Ignorance Is Strength: In Russia, it’s “1984”

Posted by sanityinjection on May 19, 2009

When future historians try to put a date on the demise of the post-Soviet era of freedom in Russia, they may well choose May 19, 2009.

The event hardly comes unanticipated. Virtually since its beginning in the peaceful revolution of 1991, Russia (whose leaders now sneer at peaceful revolutions in other ex-Soviet states) has moved in the direction of authoritarian government and restrictions on basic freedoms such as freedom of religion and freedom of assembly. While retaining the forms of democracy, the Kremlin has learned how to use its control of the media and the intelligence services to ensure that its candidates win the important races.

Up until now, one could at least argue that Russians were better off than they were under communism because they at least have freedom of speech and of the press.
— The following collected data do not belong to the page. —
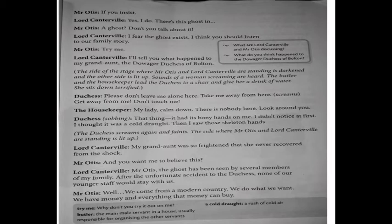Lord Canterville: 'I am really pleased you want to buy Canterville Chase, but there is something you have to know.' Mr. Otis: 'If you insist.' Lord Canterville: 'Yes, I do. There is a ghost.' Mr. Otis: 'A ghost? Do you talk about it?' Lord Canterville: 'I fear the ghost exists. I think you should listen to our family story.' Mr. Otis: 'Try me.' Lord Canterville: 'I will tell you what happened to my great-aunt, the Dowager Duchess of Bolton.' The side of the stage where Mr. Otis and Lord Canterville are standing is darkened and the other side is lit up. Sounds of a woman screaming are heard. The butler and the housekeeper lead the Duchess to a chair and give her a drink of water.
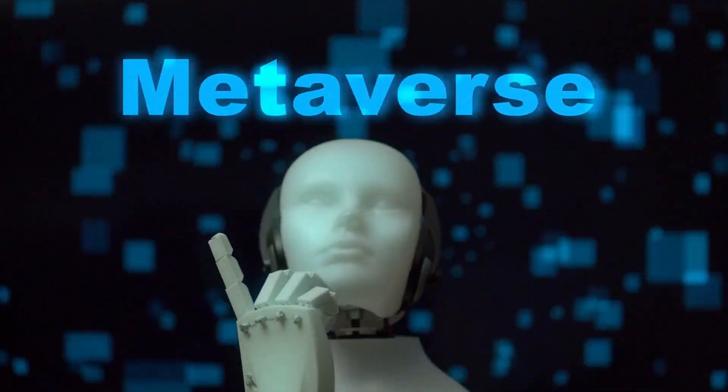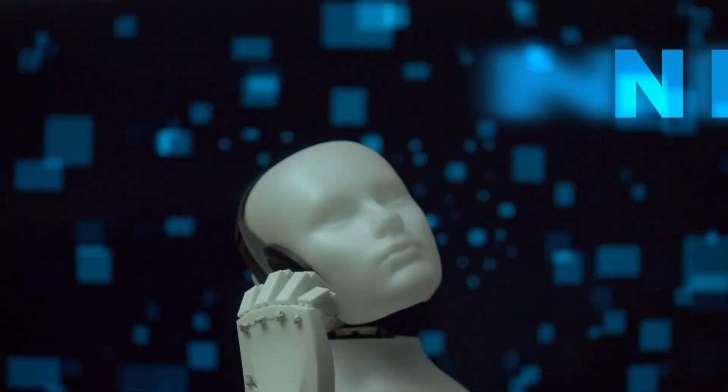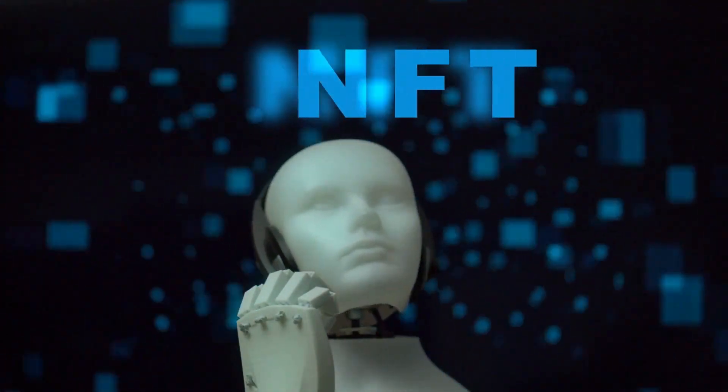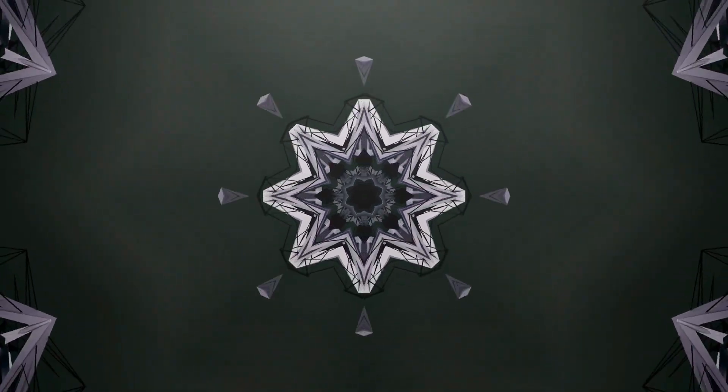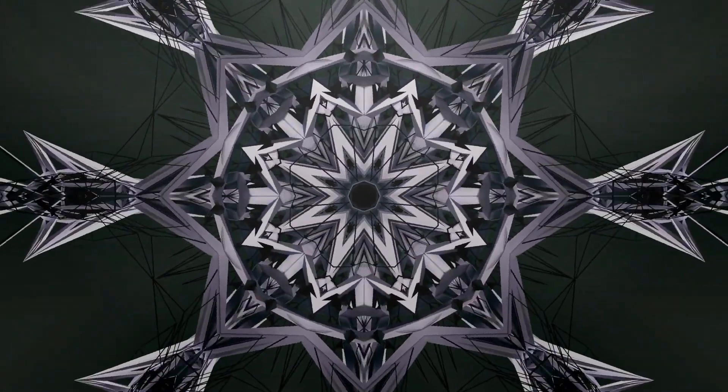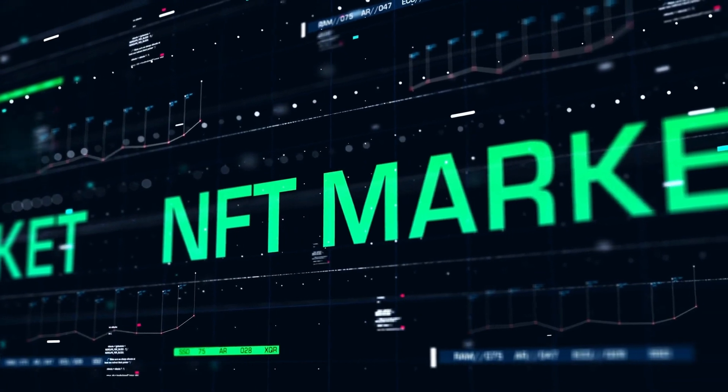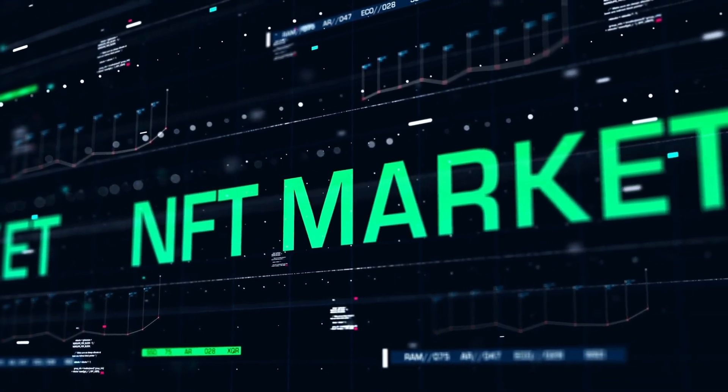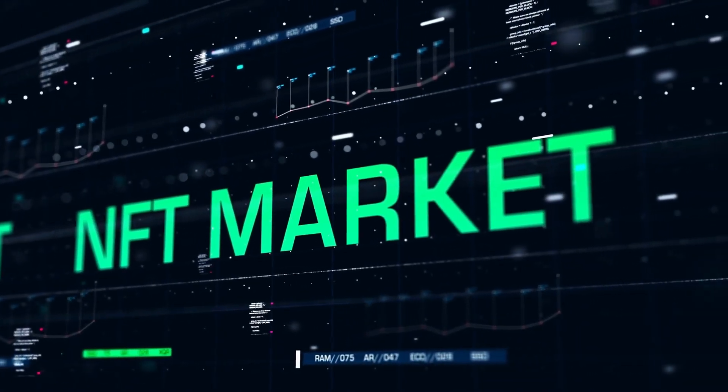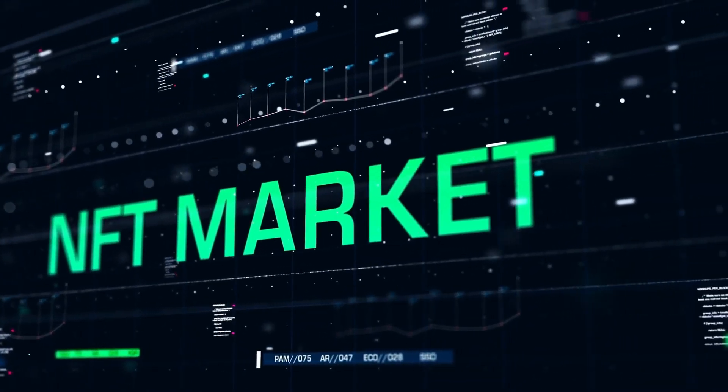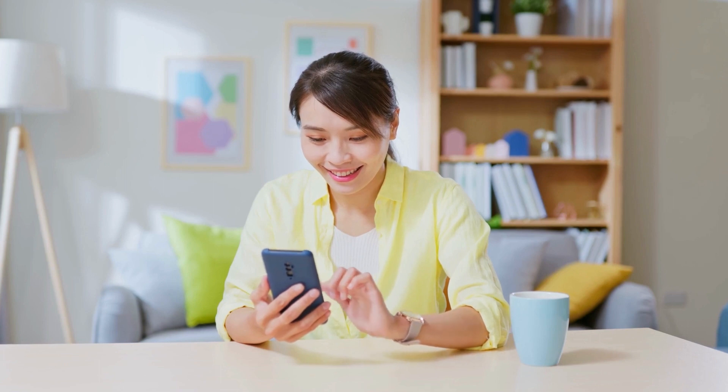A blockchain is a decentralized network of computers that records and verifies transactions in a secure and transparent way. NFTs can represent anything from digital artworks, music, videos, games, collectibles, and more.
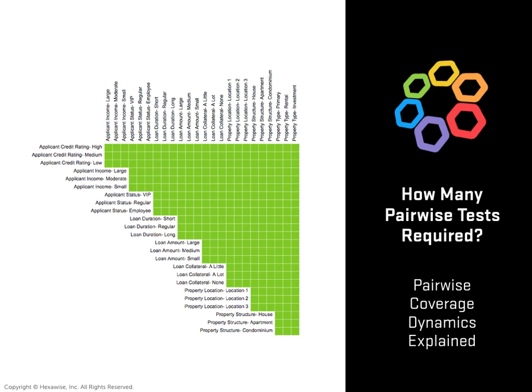In the last lesson, we looked at how combinatorial explosions made it impractical for software testers to test every single possible permutation within a system under test.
But that’s about to change.

The Kremlin announced today that it is forming a new 28-member commission whose mission is to combat “the falsification of historical facts and events aimed to disparage the international prestige of the Russian Federation.” Now let’s read between the lines. The commission won’t have any power outside Russia, so the bit about protecting the country’s international prestige is a lame fiction. The real goal is to make sure that the Russian people only know the history that the Kremlin wants them to know.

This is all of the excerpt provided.